Bu önemli keşif, klasik yöntemlerin ötesine geçen Transit Zamanlaması Varyasyonu (TTV) adlı yeni bir teknikle yapıldı. Bilim insanları, Kepler-725b isimli bilinen bir gezegenin yörüngesindeki zamanlama sapmalarını analiz ederek, aynı sistemde gizli bir gezegenin daha olduğunu ortaya koydu: Kepler-725c.

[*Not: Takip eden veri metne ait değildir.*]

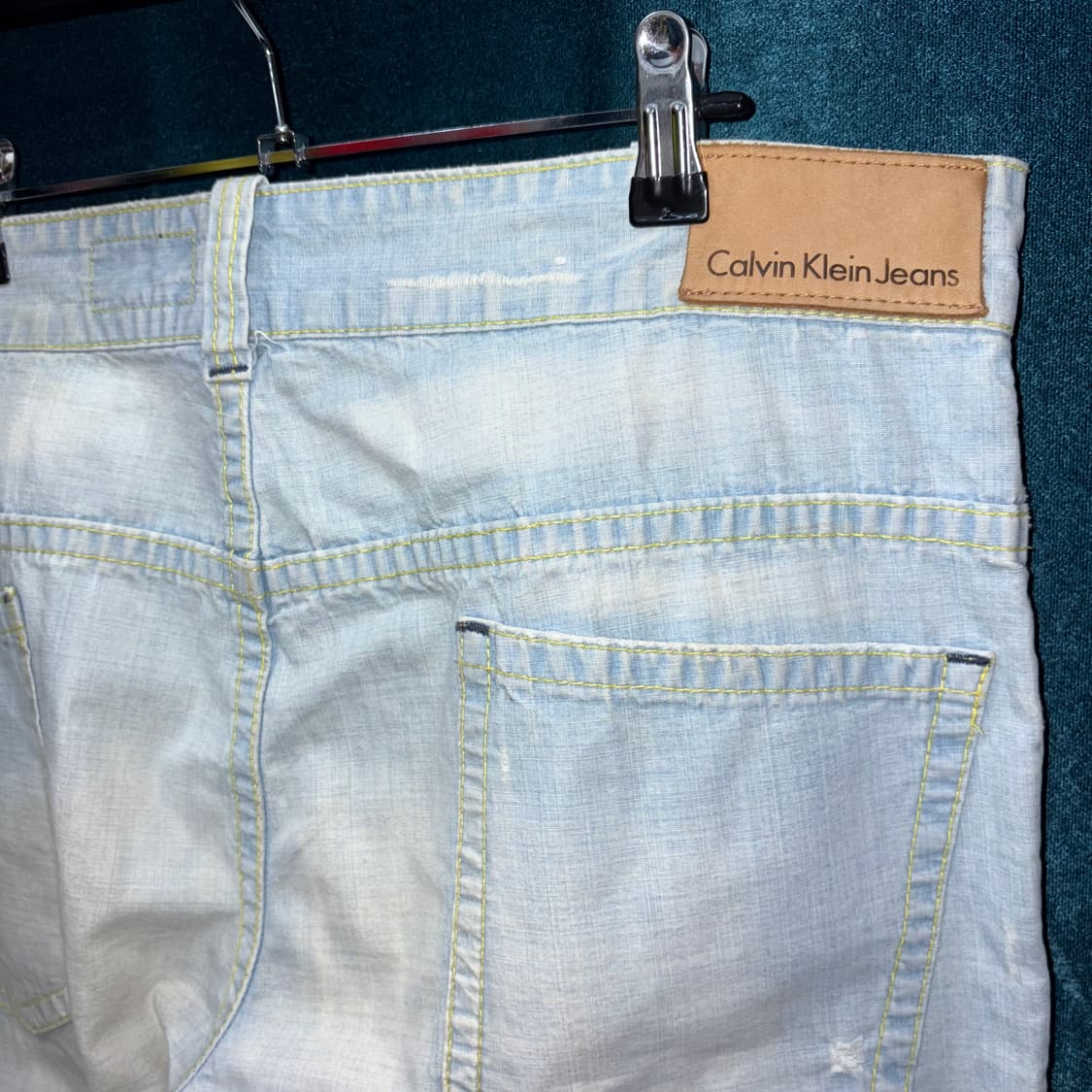 (36) 켈빈 클라인 진스 스카이블루 데님 팬츠 상품이미지4
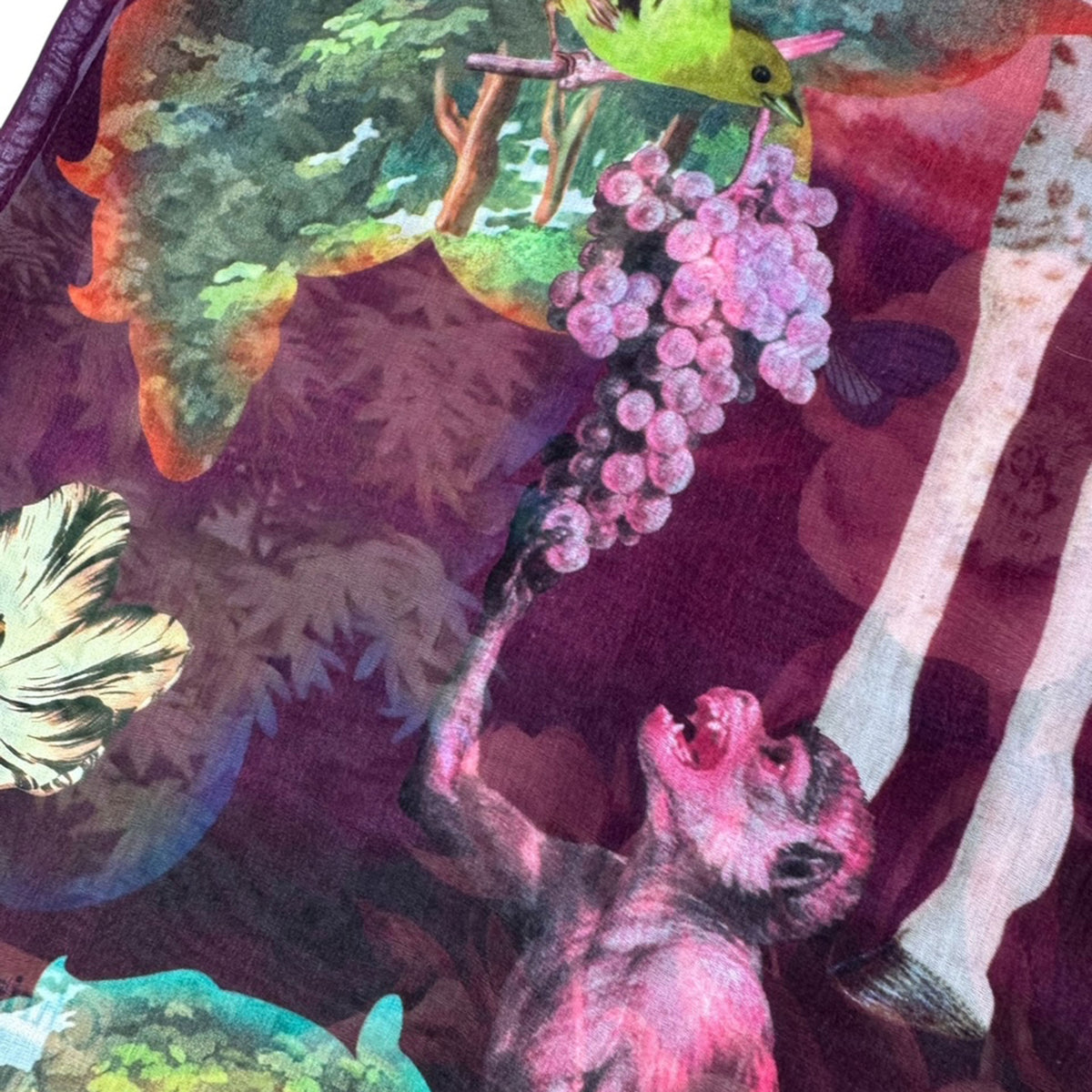 Christian Lacroix Scarf Dark Fantasy Print With Giraffe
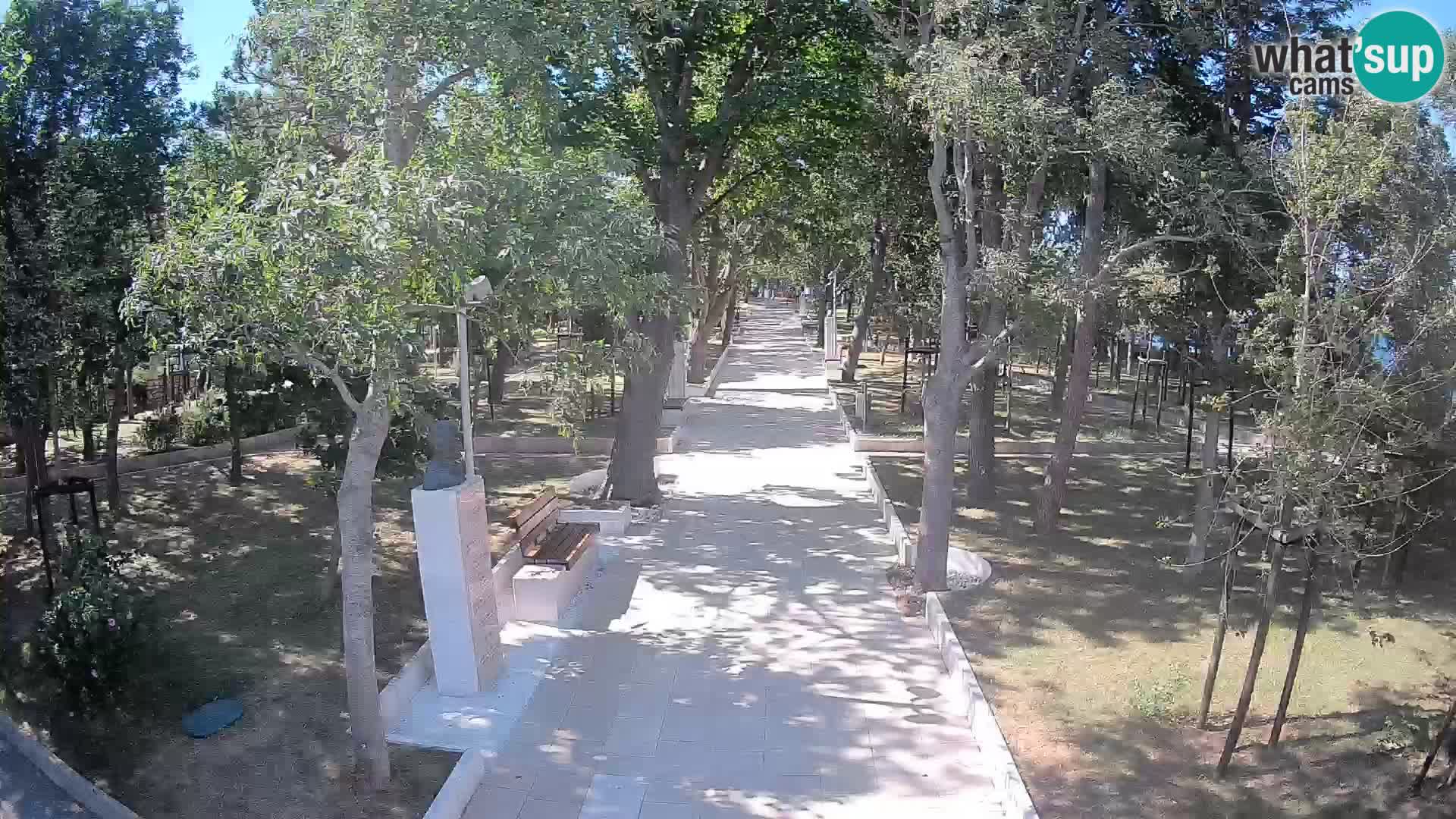 Writers’ Park Webcam Senj – Live by the Sea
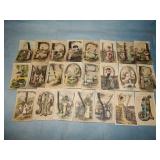 (22) Antique Tinted ALPHABET RPPC Postcards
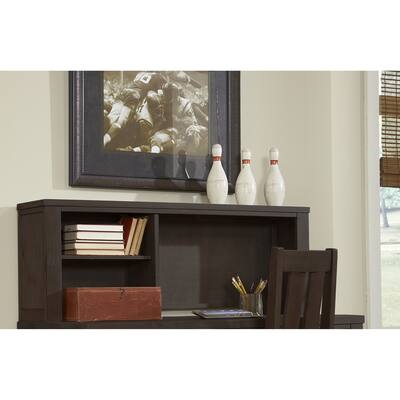 Highlands Desk Hutch, Espresso - 18H x 48.75W x 10.5L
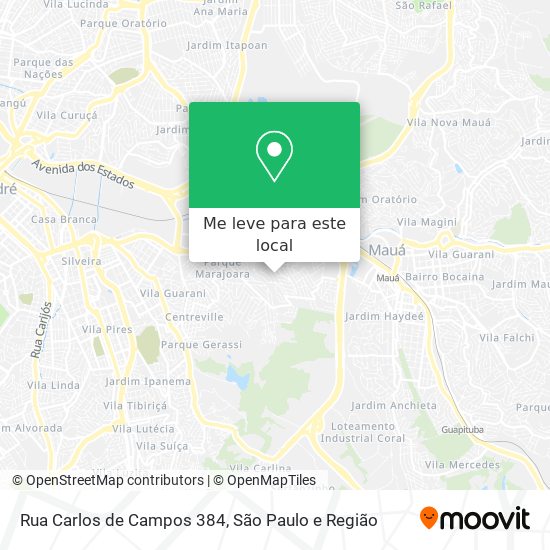 Rua Carlos de Campos 384 mapa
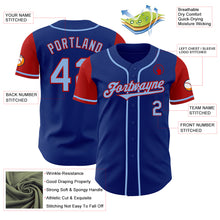 Load image into Gallery viewer, Custom Royal Light Blue-Gold Authentic Two Tone Baseball Jersey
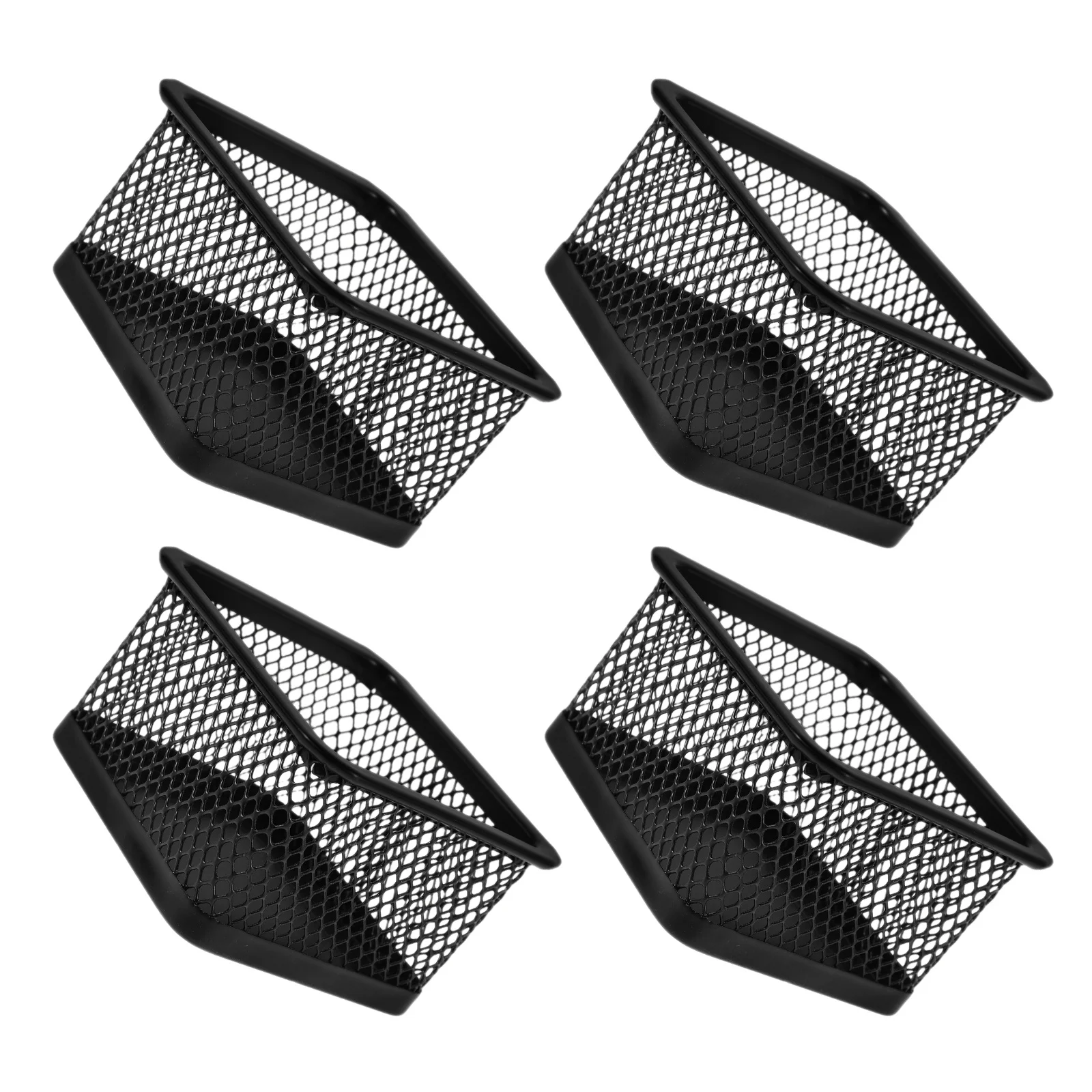 

4pcs Paper Clip Organizer Metal Mesh Desk Storage Box For Office Supplies Space Saving Binder Clip Holder Multifunctional Desk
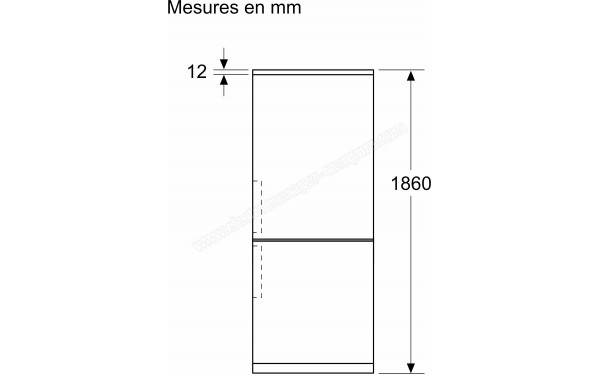 BOSCH KGN362WDF - Dimensions
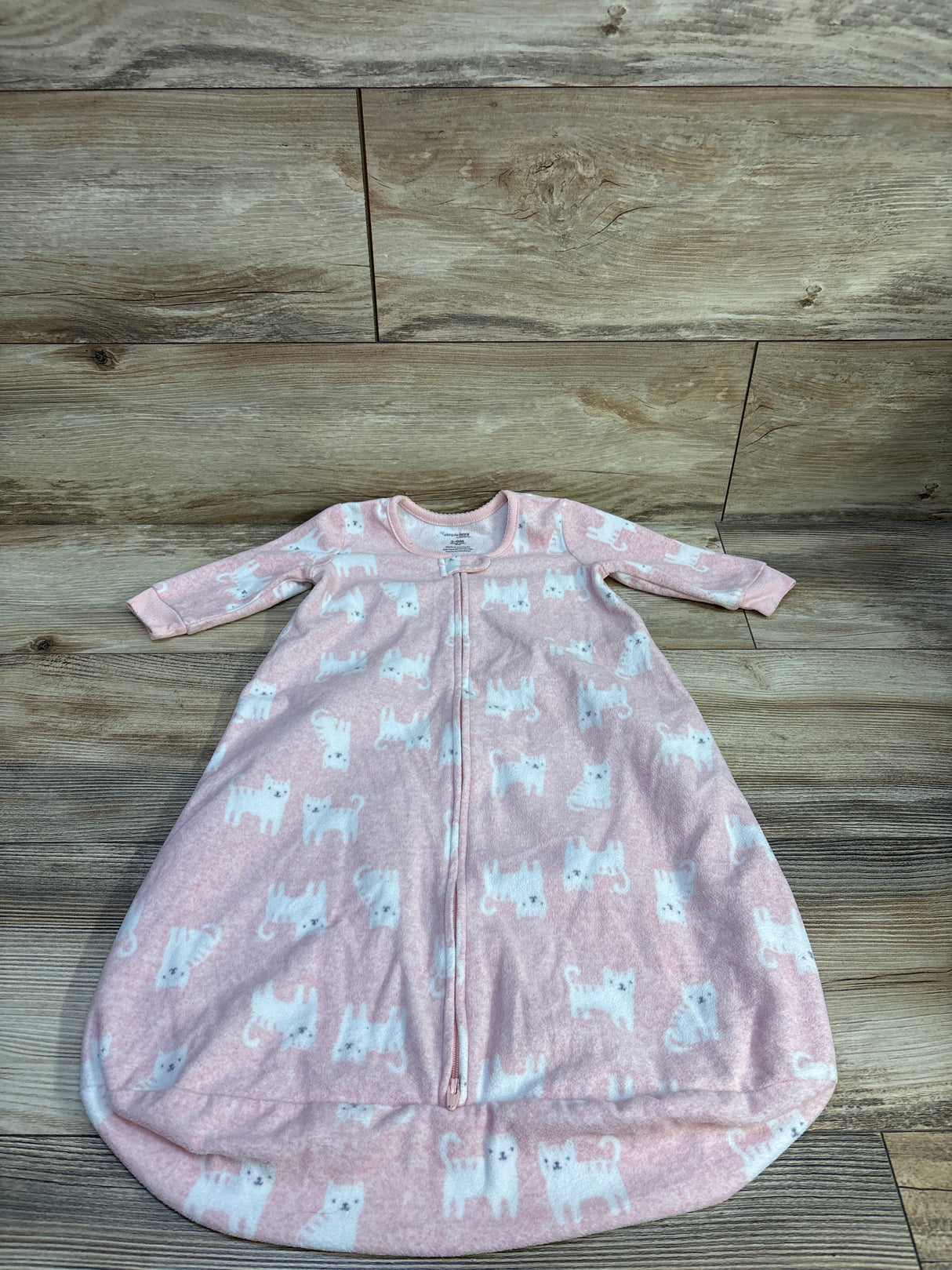 Simple Joys Cat Print Blanket Sleep Sack Pink sz 3-6m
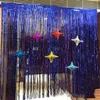 Party Decoration Metallic Foil Fringe Shimmer Backdrop Wall Birthday Wedding Po Booth Tinsel Curtain DecorationParty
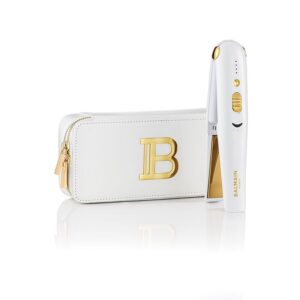 BALMAIN HAIR TITANIUM CORDLESS STRAIGHTENER GOLD & WHITE مكواة شعر لاسلكية من بالمان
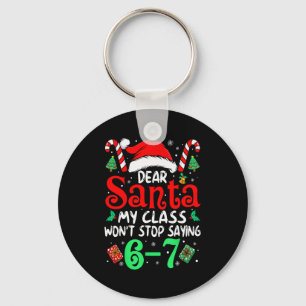 Chaveiro 67 Querido Papai Noel 6 7 Natal Divertido Seis Set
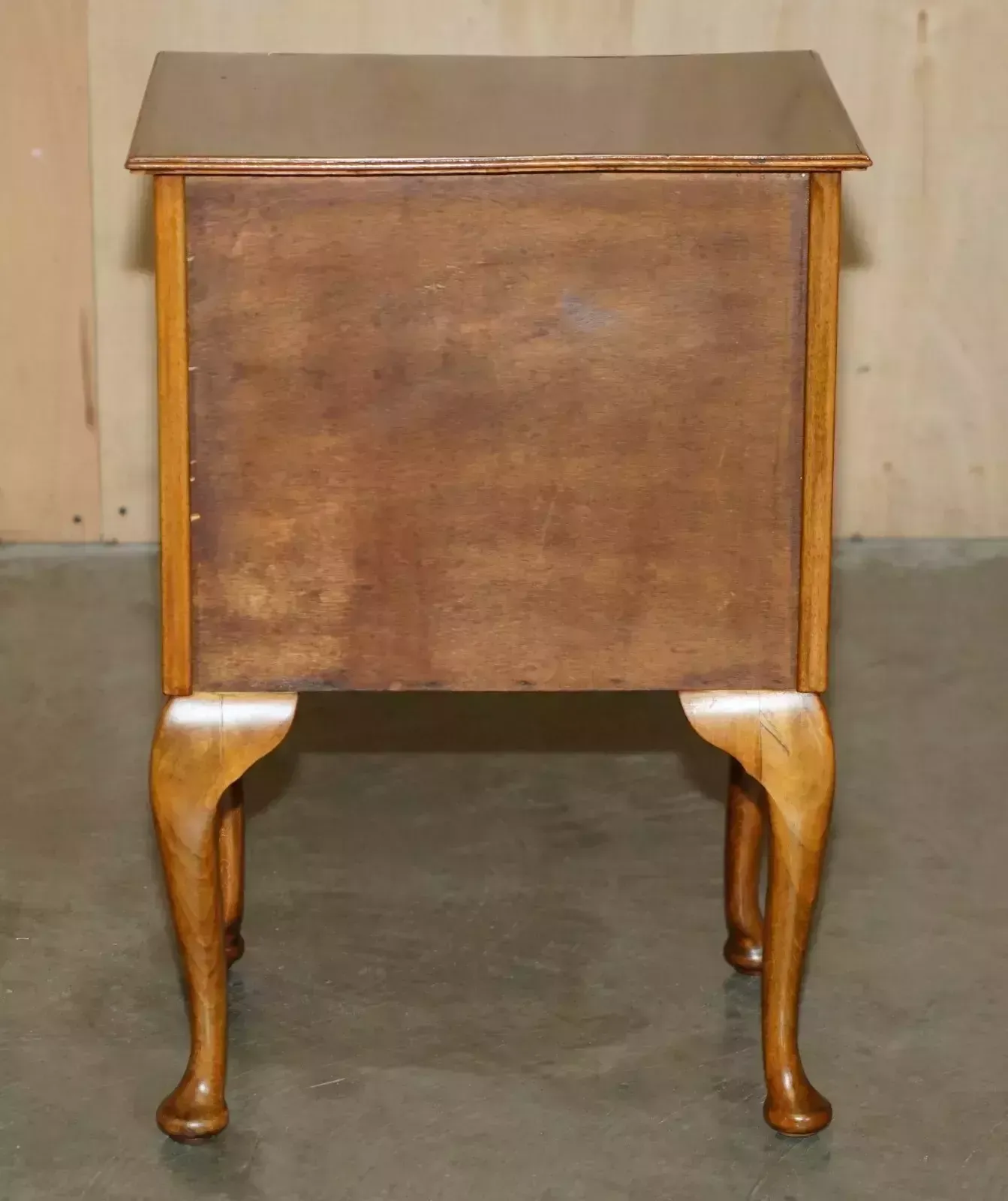 photo buy Pair Of Mid Century Modern Beech & Walnut Bedside Side End Lamp Wine Tables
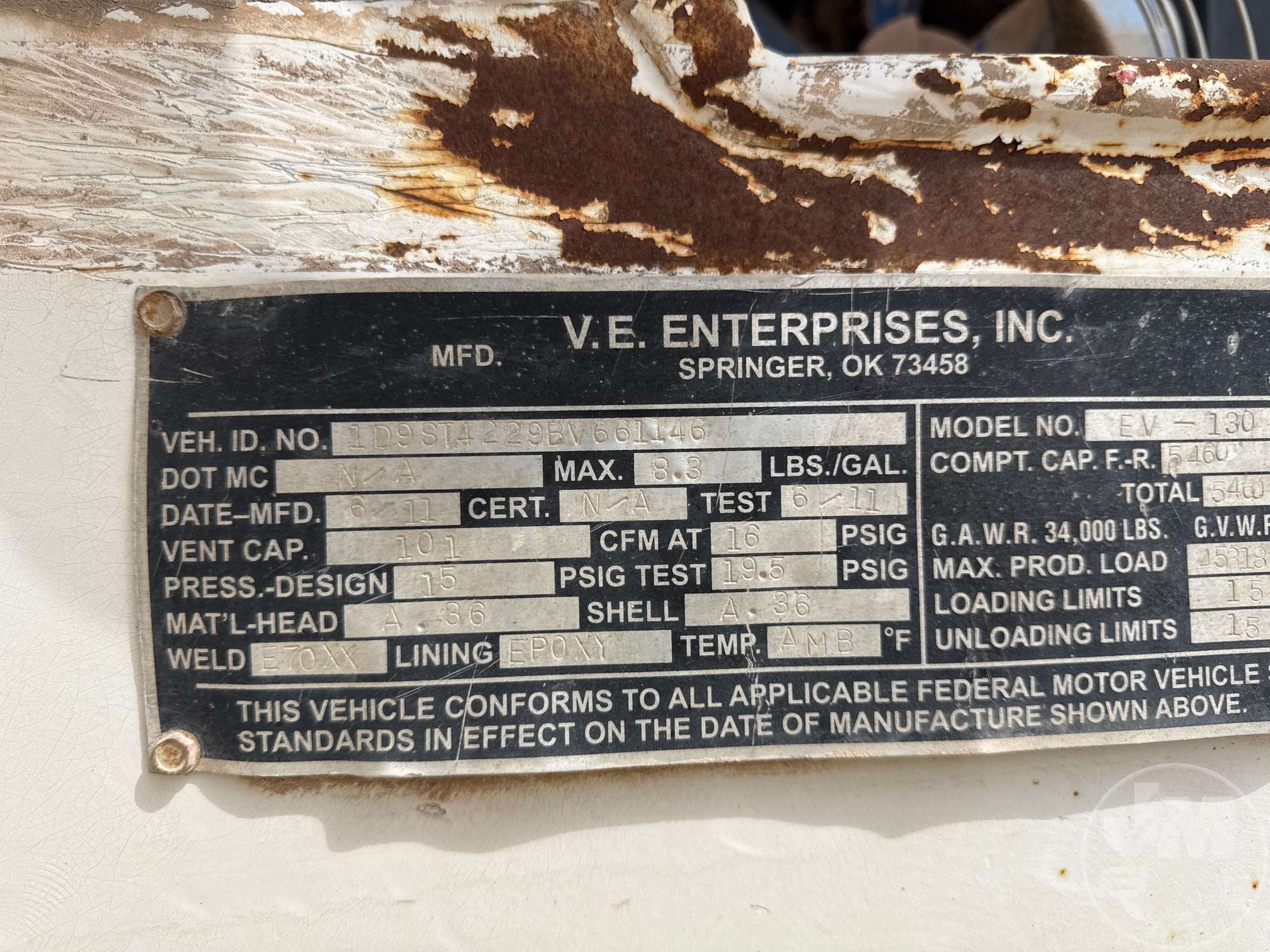 2011 V.e. Enterprises EV-130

Yeni gezegen, G9V tipi Güneş benzeri bir yıldızın etrafında 207.5 günlük bir yörüngede dönüyor. Yıldızdan aldığı enerji, Dünya’nın aldığı miktarın yaklaşık %40 fazlası. Bu da, Kepler-725c’nin yıldızına çok yakın ya da çok uzak olmadığı, yani yaşamın var olabileceği “yaşanabilir bölge”de yer aldığı anlamına geliyor.
Yüzeyinde yaşam veya su olduğuna dair henüz doğrudan bir kanıt bulunmasa da, fiziksel özellikleri bu ihtimali dışlamıyor. Bu nedenle bilim dünyasında heyecan yaratan Kepler-725c, potansiyel olarak yaşam barındırabilecek süper Dünya’lar arasında öne çıkıyor.
Kepler-725c, matematiksel olarak varlığı ispatlanmış ilk yaşanabilir süper Dünya örneklerinden biri. Araştırmacılar, bu yöntemin daha fazla keşif için önemli bir kapı araladığını belirtiyor. Çin’in Earth 2.0 uydusu ve Avrupa Uzay Ajansı’nın PLATO göreviyle birlikte, uzaydaki yaşanabilir gezegenlerin sayısının önümüzdeki yıllarda hızla artması bekleniyor.
“Evren’de yalnız mıyız?” sorusu, bu keşifle yeniden gündeme gelirken; Kepler-725c, bu soruya bilimsel bir cevap arayışında önemli bir adım olarak görülüyor.